You’d think “reading the script” would be Acting 101, and so would Meyers. “I really like that you kept doing (Curb) without ever reading the scripts, that you always just found out on set what you were doing,” he laughed. “I think that shows your professionalism.”
Professional or not, David’s insult shook Danson so he went to Jeff Garlin to find out what was going on. “And he said, ‘You don’t know? Oh, you’re just — you’re the worst human being on the planet. You know, Larry hates you.”
The funny thing to Meyers? Danson is the least “friction” guy he knows. “I guess that’s Larry's comedy. ‘I’m going to make Ted an ass(bleep) because he would never be an ass(bleep).”
“I can be an ass(bleep) around him,” Danson said. “He’s a dick.”
That made sense to Meyers. “Everybody can be an ass(bleep) around Larry,” he agreed. “He makes everybody a little bit of an ass(bleep).”
As proof of David’s ass(bleep) qualities, he made Danson and his wife Mary Steenbergen get divorced in the Curb universe. Larry even asked Mary out! “I’m an actor. I know I’m just pretending. I get that, but it didn’t feel that way,” Danson said. “I go to work and he says, ‘Oh, by the way, you’ve divorced Mary and you’re dating Cheryl.”
Danson had to go and tell his wife it was over — at least on Curb. “She’s an actor. She also understands.
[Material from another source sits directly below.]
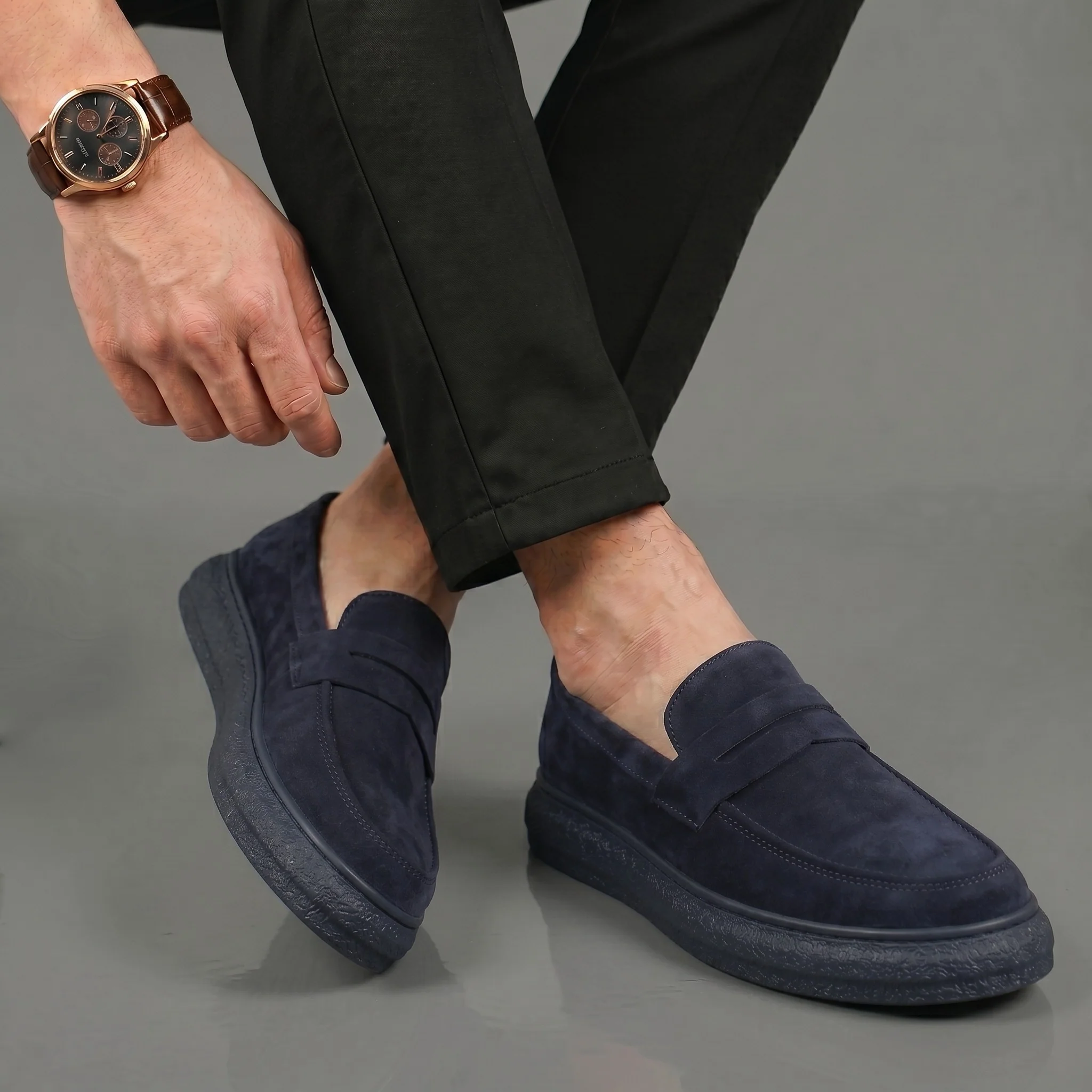 Mocassins Bleumarine Daim de Luxe Tres Confortable - Image 4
But it was so personal,” he said. “And people who we knew, who knew us well, would call after they saw the show and go, ‘Oh, my God!’”
People taking the show split seriously brought out the eye-roll from Steenbergen. “Right, right,” she’d say sarcastically. “We decided to announce it on a sitcom.”
That blend of the real and maybe-it’s-real was one of the things that made Curb Your Enthusiasm so good, argued Meyers.
But Danson quickly corrected the host: “It’s not that good.”